Outra tática em andamento no exército trumpista é a de convocar militantes para fiscalizar por conta própria os locais de votação nas eleições primárias, uma espécie de ensaio para novembro. Em julho, um grupo liderado por Seth Keshel, que trabalhou na Inteligência do Exército americano e se autointitula Capitão K, montou guarda em um ponto de coleta de votos antecipados no Arizona, à espreita de pessoas que pudessem estar usando cédulas falsas. Grupos semelhantes já surgiram em pelo menos nove estados (sem achar nenhuma irregularidade, diga-se), acompanhados de ameaças de violência e de identificação e assédio de pessoas que consideram “suspeitas”. Além disso, com os resultados do Censo nas mãos após o atraso da pandemia, os limites distritais que determinam quais políticos representam cada região foram redesenhados e os aliados de Trump nas legislaturas estaduais montaram um mapa mais favorável ao ex-presidente. Em campanha permanente, Trump, venham de onde vierem os ataques, ainda é o cacique incontestável do Partido Republicano.
Na mira da justiça
Não faltam alegações de fraude, abuso sexual e irregularidades financeiras no currículo de Donald Trump, mas ele, até agora, conseguiu arrastar indefinidamente ou engavetar as denúncias e nunca foi a julgamento. Os inquéritos em andamento, no entanto, por serem mais públicos e envolverem questões políticas, podem ter desfechos mais sérios. O secretário da Justiça, Merrick Garland, aprovou pessoalmente o mandado de busca em Mar-a-Lago justamente devido à gravidade dos indícios de que Trump levou documentos presidenciais secretos quando deixou a Casa Branca — alguns, segundo a imprensa americana, relacionados a arsenais nucleares, o que configuraria violação da Lei de Espionagem, punível com até vinte anos de prisão. A manipulação irregular de documentos oficiais impede ainda o responsável de exercer cargos públicos, o que seria um golpe para o pré-candidato à Presidência.

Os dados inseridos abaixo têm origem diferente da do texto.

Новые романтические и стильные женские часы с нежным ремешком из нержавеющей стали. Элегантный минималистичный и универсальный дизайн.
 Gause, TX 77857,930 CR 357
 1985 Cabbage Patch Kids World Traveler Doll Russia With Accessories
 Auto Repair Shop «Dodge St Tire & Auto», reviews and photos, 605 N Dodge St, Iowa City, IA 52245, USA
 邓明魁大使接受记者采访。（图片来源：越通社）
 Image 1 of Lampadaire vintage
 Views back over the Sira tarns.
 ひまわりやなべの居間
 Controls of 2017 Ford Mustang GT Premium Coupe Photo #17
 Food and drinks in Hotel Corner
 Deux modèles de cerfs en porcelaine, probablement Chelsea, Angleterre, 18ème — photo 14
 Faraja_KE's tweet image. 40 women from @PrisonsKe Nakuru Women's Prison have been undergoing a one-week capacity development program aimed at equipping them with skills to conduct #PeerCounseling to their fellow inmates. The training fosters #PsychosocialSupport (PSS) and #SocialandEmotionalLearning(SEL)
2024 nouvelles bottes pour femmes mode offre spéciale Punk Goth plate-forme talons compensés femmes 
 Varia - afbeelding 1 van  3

No estado de Nova York, dois inquéritos separados — um civil e um criminal — varrem os registros financeiros das Organizações Trump, acusadas de manobras fiscais. Os filhos de Trump já prestaram depoimento. Ele mesmo, convocado, ficou em silêncio. Mas é nos enroscos da Presidência que os adversários sonham com uma condenação. Uma comissão do Congresso vem conduzindo audiências públicas, algumas transmitidas ao vivo em horário nobre, para determinar se Trump incitou a baderna que resultou na invasão do Capitólio — acusação que pode desembocar em inquérito no Departamento de Justiça.
Uma das surpresas foi o testemunho de Ivanka Trump, filha e assessora do ex-presidente, que procurou manter distância das denúncias infundadas de fraude eleitoral que impulsionam a insurreição. O ex-presidente é investigado ainda por tentativa de manipular as eleições no estado da Geórgia: em um célebre telefonema, ele diz ao republicano Brad Raffensperger, que monitorava a votação e vazou a conversa, para “achar” votos a seu favor. “Há poucos obstáculos aí para um processo e uma sentença”, avalia William Banks, professor de direito da Universidade de Syracuse. A torcida é grande.